* **Your goal**
After finding the line containing "1/3/8pcs Black Marker" below, please output that line and each following one through the line containing "Mustard tasting team", exactly as written.

* **Data extracts**
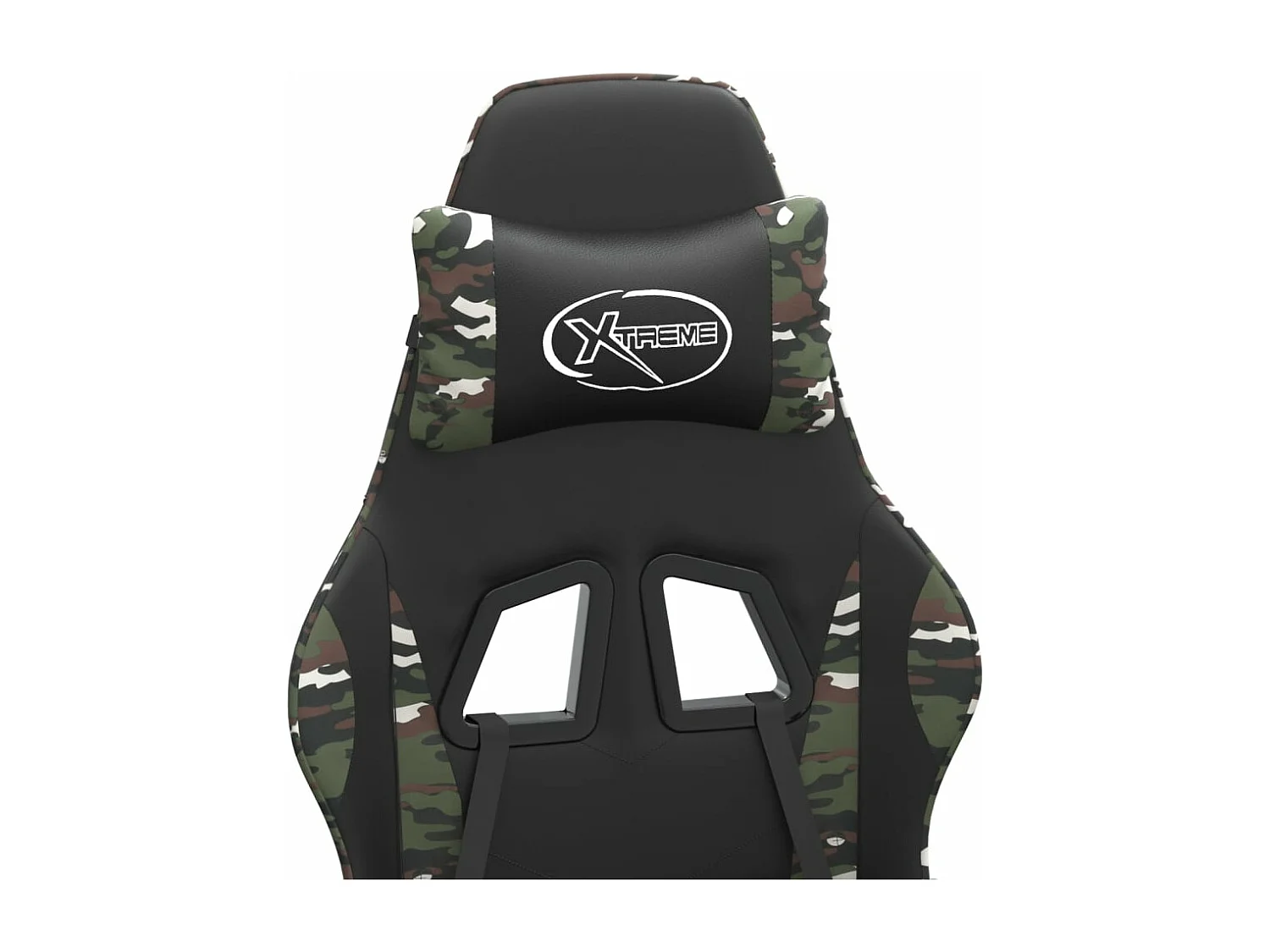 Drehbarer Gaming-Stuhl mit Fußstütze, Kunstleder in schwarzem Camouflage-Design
* * *
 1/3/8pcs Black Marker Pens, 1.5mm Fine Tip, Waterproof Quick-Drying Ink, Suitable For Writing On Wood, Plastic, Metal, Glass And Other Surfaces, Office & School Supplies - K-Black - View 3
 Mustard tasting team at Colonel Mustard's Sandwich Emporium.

* **Written answer**
 1/3/8pcs Black Marker Pens, 1.5mm Fine Tip, Waterproof Quick-Drying Ink, Suitable For Writing On Wood, Plastic, Metal, Glass And Other Surfaces, Office & School Supplies - K-Black - View 3
 Mustard tasting team at Colonel Mustard's Sandwich Emporium.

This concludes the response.